Take nothing but the lines from the one with "Jaguar F-Pace 2021 - 30" through the one with "ClashContexto's tweet image." in the entries below, both ends kept, and return them exactly with pictures left out.

§ DATA TO PROCESS:
_____

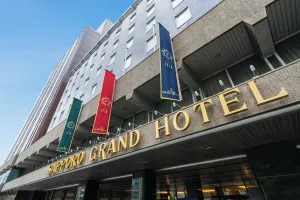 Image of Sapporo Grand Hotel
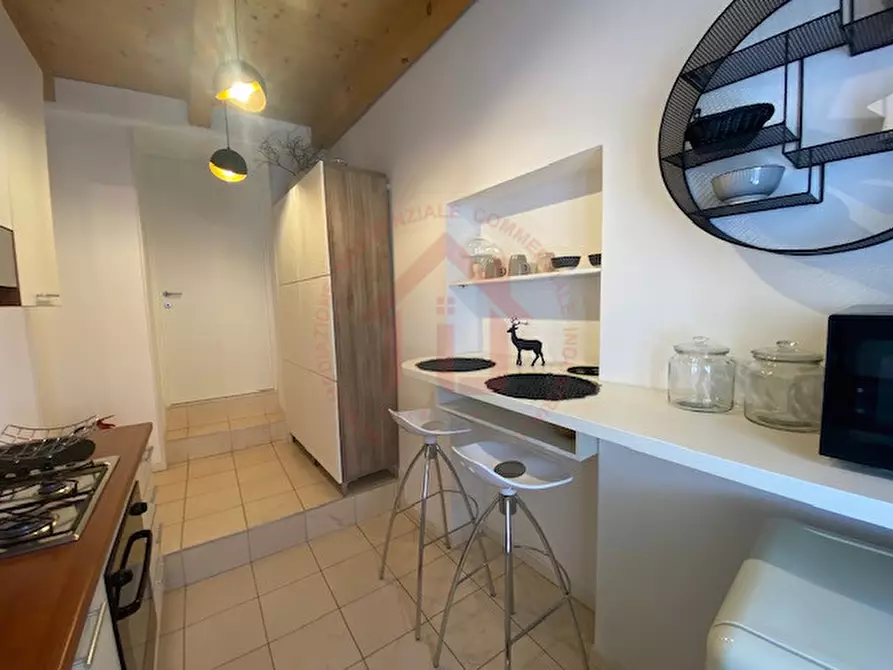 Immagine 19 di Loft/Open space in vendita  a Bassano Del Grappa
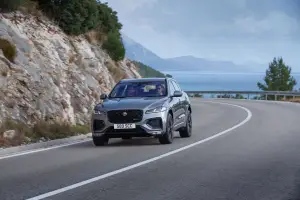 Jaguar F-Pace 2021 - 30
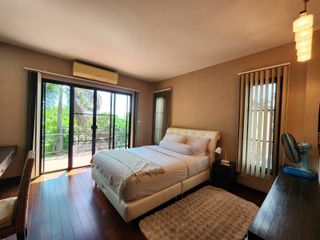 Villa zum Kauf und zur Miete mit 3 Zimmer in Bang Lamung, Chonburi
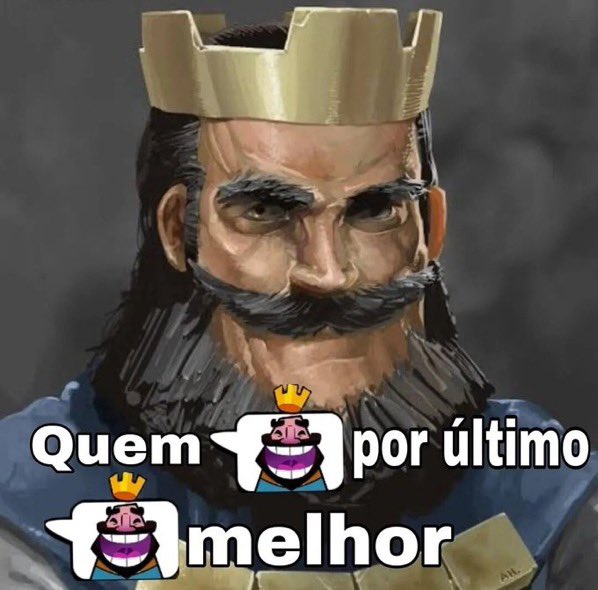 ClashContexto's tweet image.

_____

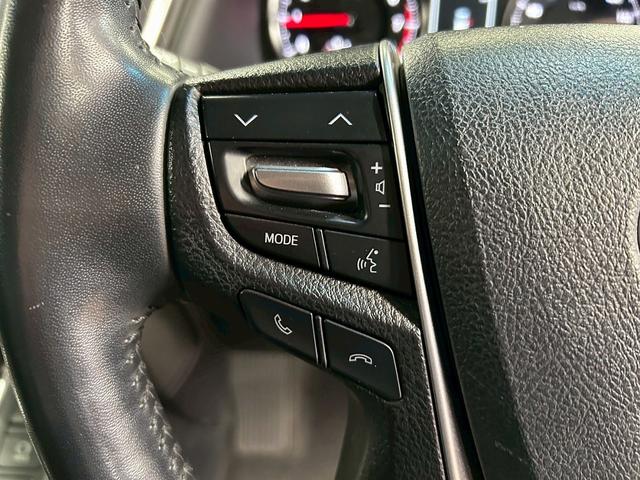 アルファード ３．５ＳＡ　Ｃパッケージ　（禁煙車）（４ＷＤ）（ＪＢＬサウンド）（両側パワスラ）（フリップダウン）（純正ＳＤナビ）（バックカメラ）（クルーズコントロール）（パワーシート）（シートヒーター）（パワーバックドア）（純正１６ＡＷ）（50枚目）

_____

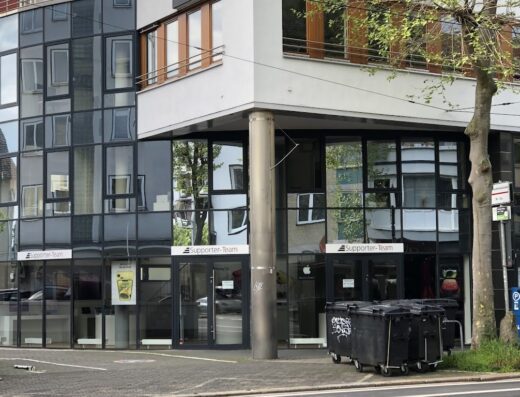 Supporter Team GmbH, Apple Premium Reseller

_____

§ ANSWER BOX:
 Jaguar F-Pace 2021 - 30
 Villa zum Kauf und zur Miete mit 3 Zimmer in Bang Lamung, Chonburi
 ClashContexto's tweet image.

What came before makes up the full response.